All You Need is Love
We can be a cynical bunch, us Brits. We love a good moan, or a spot of playing Judgy McJudgy. How many meetings have you been in where you’ve thought – obviously you’re wrong… you do go on, don’t you… here we go again…?! It’s so easy to find fault, to pick up on what we don’t rate about someone or why we disagree with them.
But when was the last time you actually thought about what you loved about working with someone? Or maybe not loved, (let’s not go that far just yet) but liked, respected, or appreciated about them? When did you stop and think, hang on, that’s an interesting take on this? In today’s increasingly complex world we need to find more ways to solve problems, deal with multiple pressures and on some days, just stay afloat. It’s virtually impossible to do this alone and yet we persist in our own thinking, in seeing the world through our own lens or turning to our normal partners in crime that we know share that view.

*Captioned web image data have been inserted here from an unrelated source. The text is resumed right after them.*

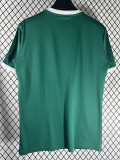 2026 Ad Oasis Joint Edition Green T-Shirt (绿色白边)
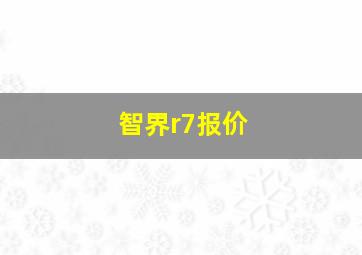 智界r7报价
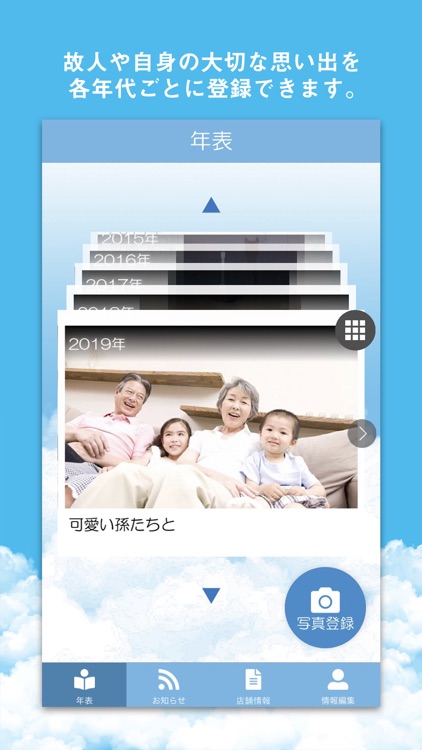 おもいでアプリ FROM TO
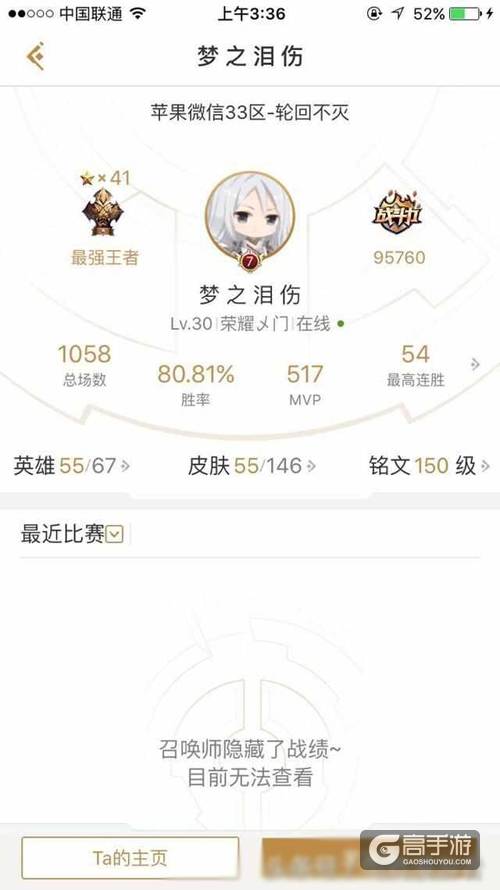  王者40星单排遇到国服第一打野梦泪, 以为高仿, 结果意外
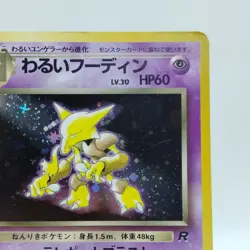 Pokemon Cards Dark Alakazam No.065 Team Rocket 1997 Old Back VG Japanese j144 - Image 3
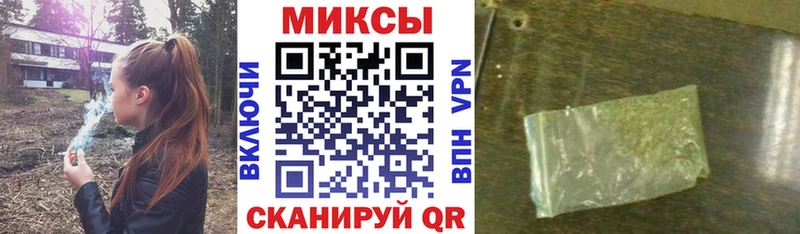дарнет шоп  Суджа  Бутират 1.4BDO 
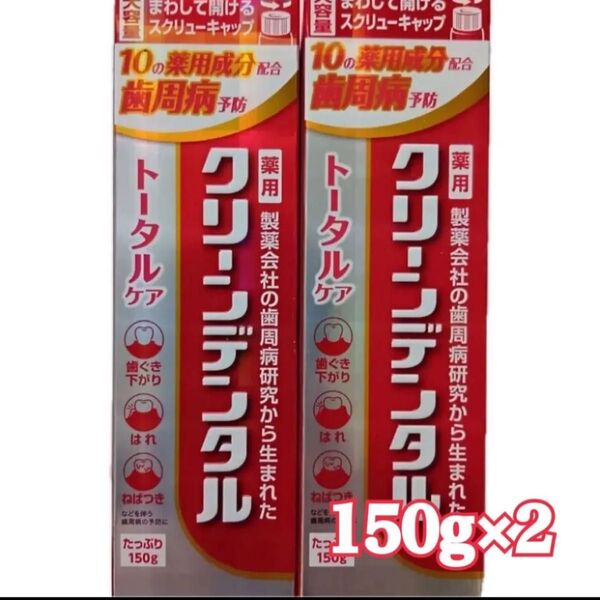クリーンデンタルトータルケア150g 2本セット未使用品 説明欄必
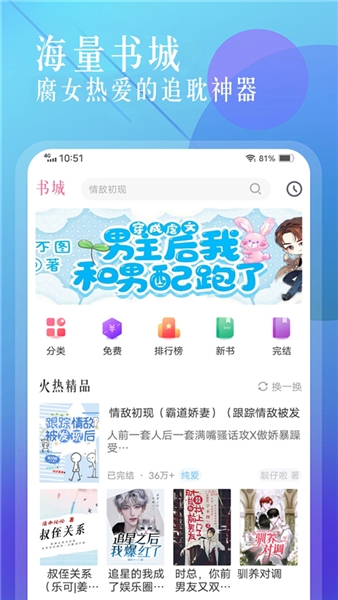 海棠书城免费原版图4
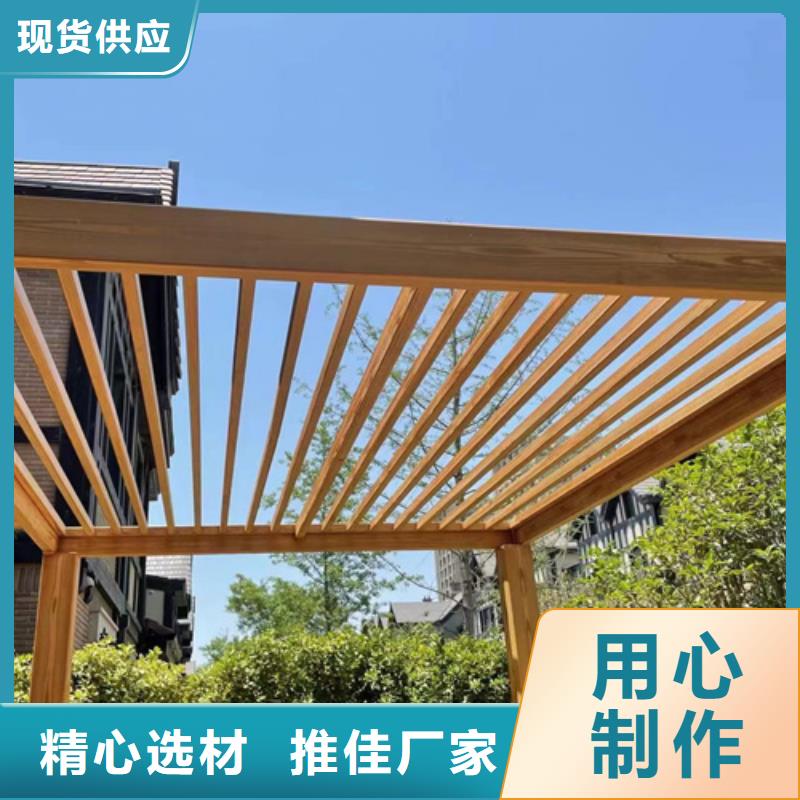生態(tài)復(fù)古木紋漆，方鋼圓管木紋漆，藝術(shù)涂料廠家電話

We worked with a leadership team recently who were going through a real period of uncertainty and change. Time spent off-site together was either about getting updates or a chance to ‘get things off their chest’ – a good old moan fest. Whilst it was important that they felt they had a safe place to do that, we noticed that there wasn’t much positive reinforcement or recognition in the room. They were very encouraging of their own teams’ performance, but they didn’t feel like a team who recognised each other much.
So at the end of one of the sessions we asked them to do something they’d never done before. We asked them to talk to each other one-on-one and say what they really liked about each other. What they noticed, what they benefited from, what they admired. They were nervous at first – men don’t really do this kind of thing, and honestly, couldn’t they just go and get a beer now? – but we encouraged them, and they had a go.

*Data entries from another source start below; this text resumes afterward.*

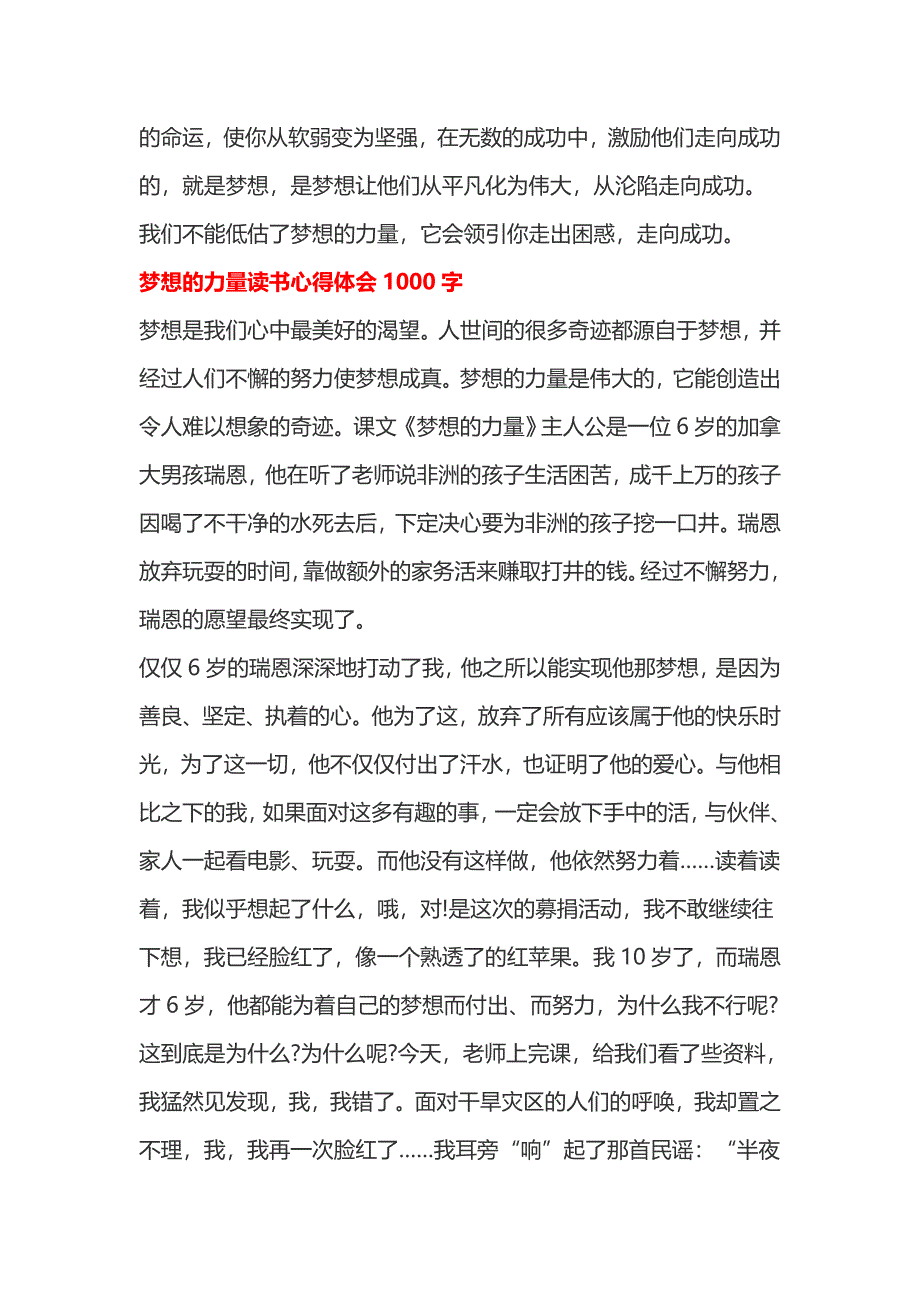 梦想的力量读书心得体会读后感汇编10篇_第4页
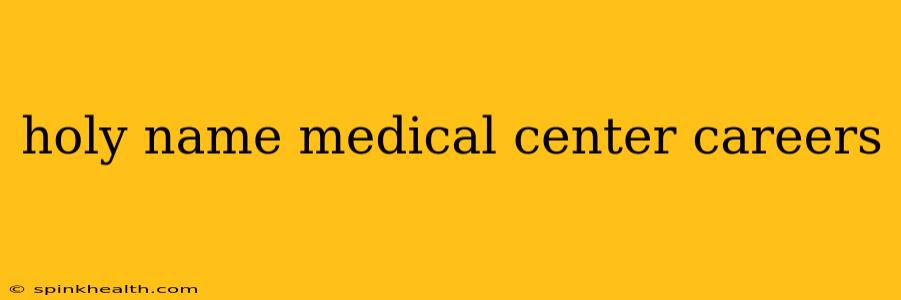 holy name medical center careers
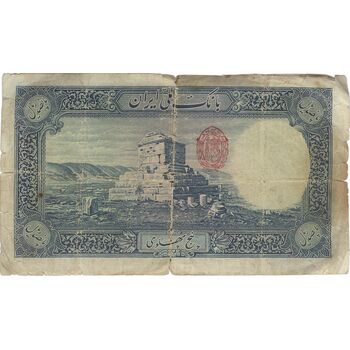 اسکناس 500 ریال شماره فارسی - مهر 1321 - F - رضا شاه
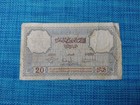          Morocco 20 Francs P-18b   14 November  1941 Wwii Banknotes 030126-8
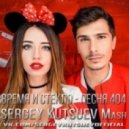 Время и Стекло vs. Jolyon Petch - Песня 404 (Sergey Kutsuev Mashup)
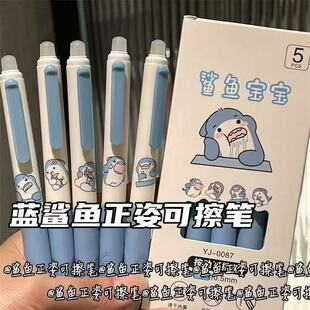 ���~�������՟�ɲ��Pins���ֵС�W�����꼉���þ��{Ħ�ײ�0.5mm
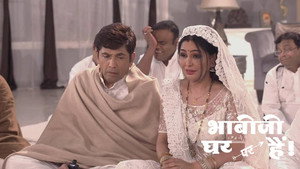 A Condolence Meeting For Anita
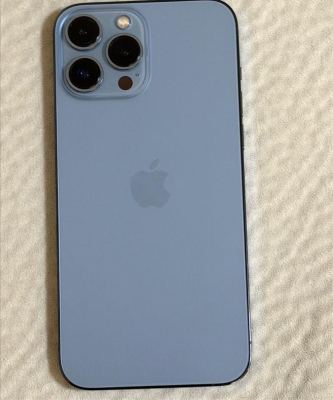 Iphone 13 promax extra cena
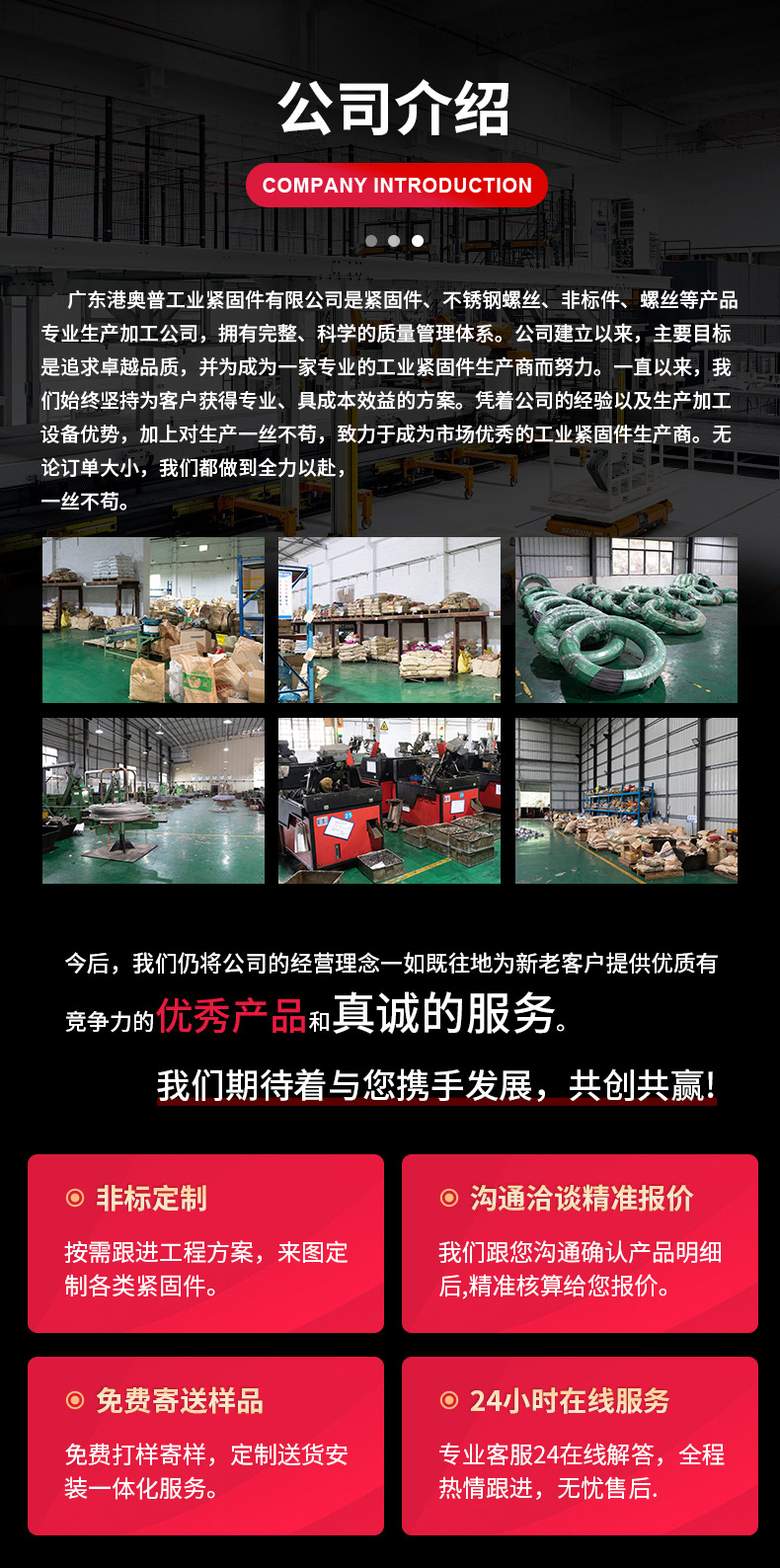 201不锈钢膨胀螺栓拉爆螺栓内置式拉爆门窗膨胀螺丝M6M8M10M12M16详情10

It was brilliant. We watched the room change from a boardroom to a series of moving vignettes: from intense dialogue and honesty, to smiles, laughter and even the odd hug. It carried on – we thought they’d want to go and get that beer – but the activity was so powerful we eventually said our goodbyes and left them to it.
If you can, try spending the day finding out what you love about working with someone rather than what you don’t. You may find it enlightening… and it’s certainly good for the soul.